Clara Serra illustre son propos en analysant des affaires récentes, comme le procès des viols de Mazan, et met en évidence les dangers du concept de « consentement affirmatif ». Elle suggère que ce qui devrait être mis en avant n’est pas tant la question du « oui », mais plutôt de la possibilité de dire « non ». Selon elle, « les contours de la violence apparaissent bien plus clairement quand on s’intéresse au fait que les agresseurs ont créé les conditions qui rendaient impossible le fait de pouvoir dire non ». L’absence de consentement ne signifie pas nécessairement qu’il y a eu délit sexuel, tout comme l’affirmation d’un consentement ne garantit pas l’absence d’agression sexuelle.

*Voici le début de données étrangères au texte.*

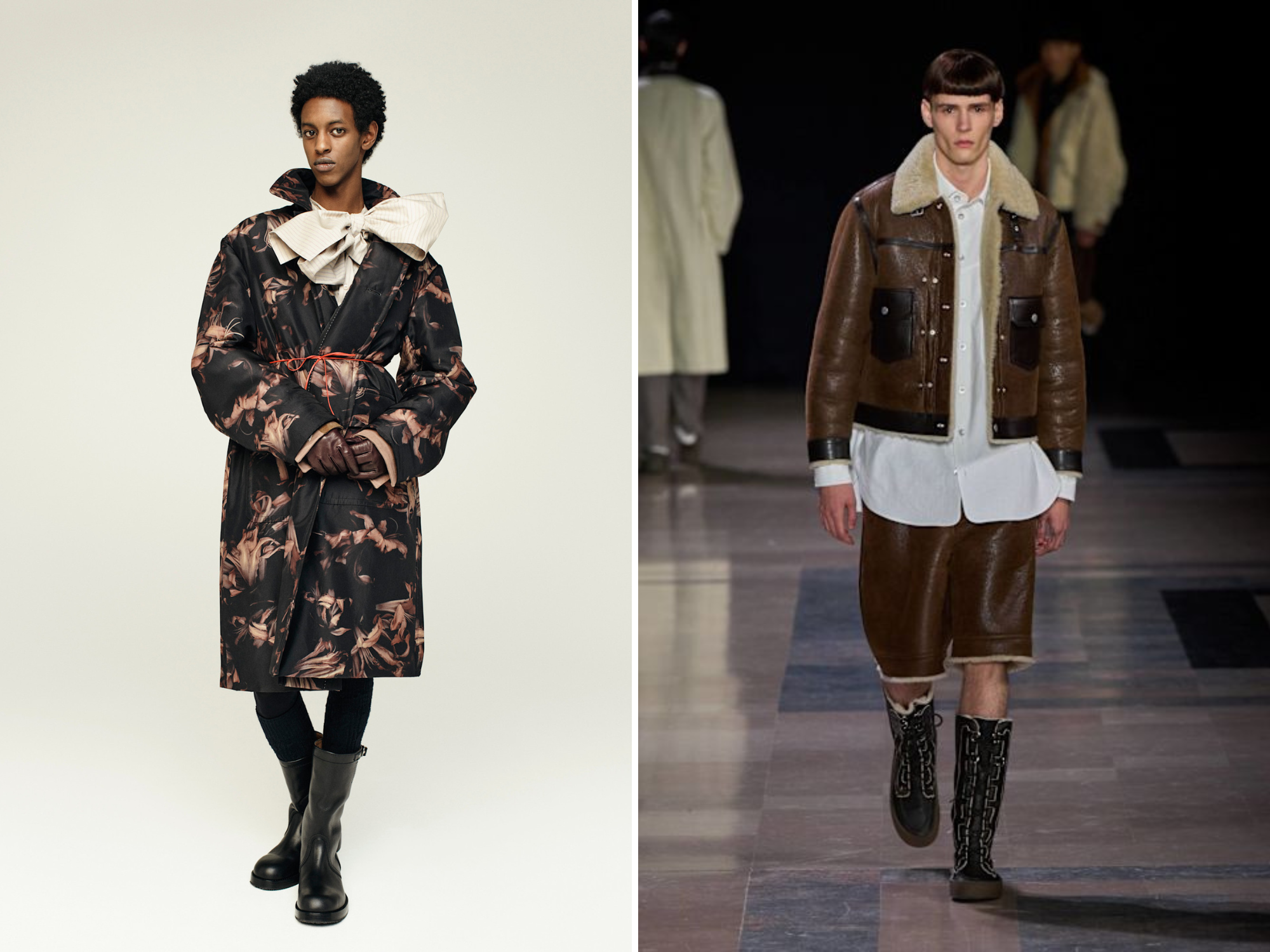 Leren laarzen op de catwalk
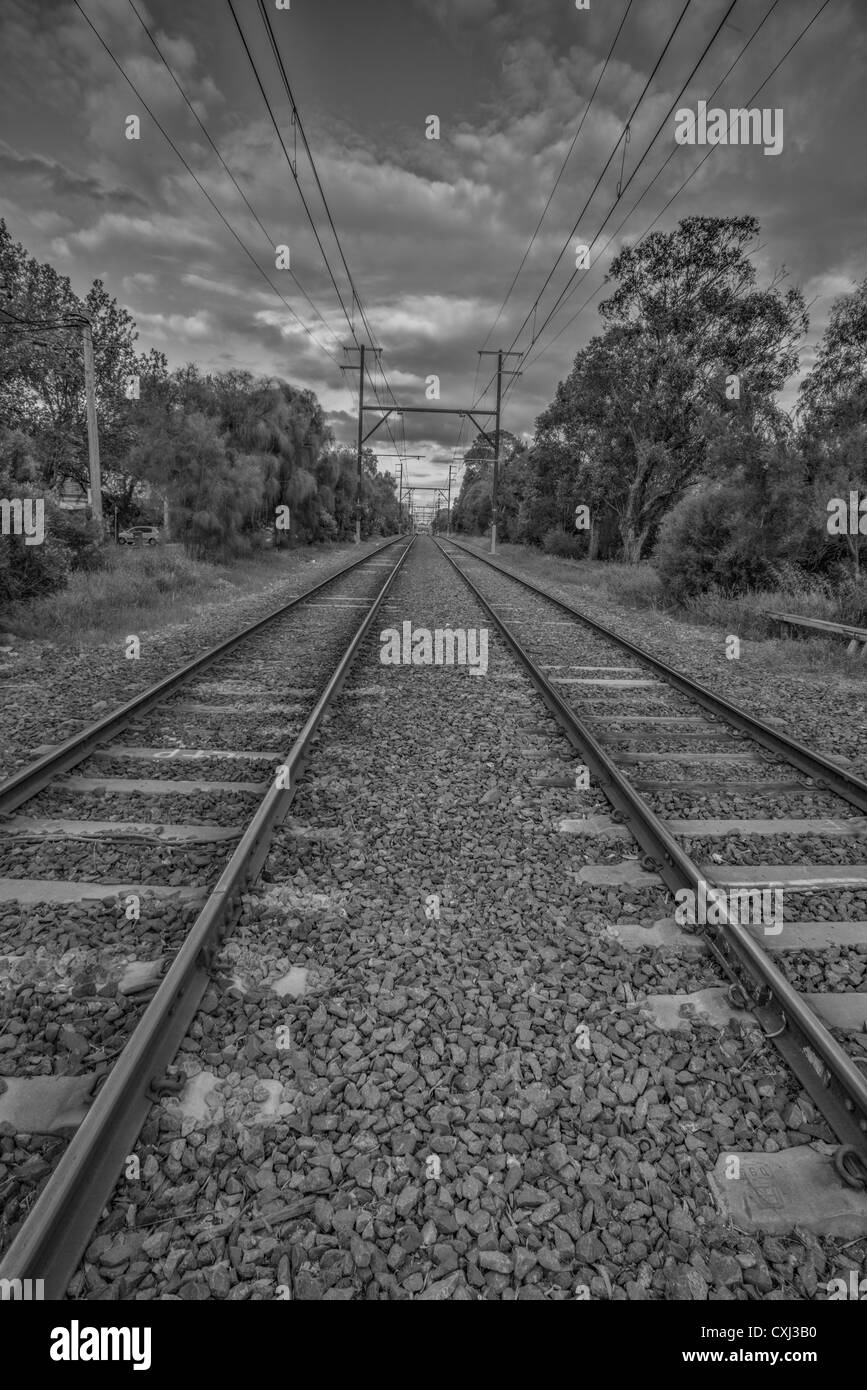 Railway line melbourne Stock Photo Alamy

Après avoir exposé les obstacles qui entravent une véritable liberté de choix dans nos interactions sociales et sexuelles, Clara Serra plonge lectrices et lecteurs dans une réflexion sur les relations interpersonnelles et le désir. Elle déconstruit l’idée que le consentement en serait nécessairement l’expression : on ne consent pas à ce qu’on désire mais à ce que l’on veut, et il peut y avoir contradiction. Le désir est complexe, il peut être ambigu et même irrationnel. Mis au premier plan dans le nouveau paradigme du consentement, il occulte la notion de volonté.

Enfin, l’auteure établit un lien pertinent entre les nouvelles lois sur le consentement affirmatif et l’expansion de la politique pénale, notamment par le durcissement du système carcéral qui s’est produit simultanément. « Nous savons qu’une structure sociale – et le patriarcat en est une – ne sera jamais jugée dans un tribunal et que le droit pénal, qui individualise la faute et la place toujours en dehors du corps social, est un outil inefficace pour combattre les inégalités de pouvoir structurelles », déplore-t-elle. Et pourtant, pour que les femmes puissent réellement dire « oui » ou « non » en toute liberté, il est essentiel d’agir sur les rapports de domination.

Avec La doctrine du consentement, Clara Serra questionne la place des femmes dans la société, les rapports de pouvoir et les normes sociales qui façonnent nos comportements. Si son analyse est rigoureuse et stimulante, elle reste exigeante et théorique. Une vulgarisation plus poussée aurait pu rendre l’ouvrage accessible à un public plus large. De même, une conclusion proposant des pistes concrètes pour réformer les structures sociales aurait enrichi la réflexion. L’essai apporte néanmoins une contribution précieuse aux débats féministes contemporains.

Clara Serra, La doctrine du consentement, (trad. Étienne Dobenesque), Paris, La Fabrique, 2025, 160 pages.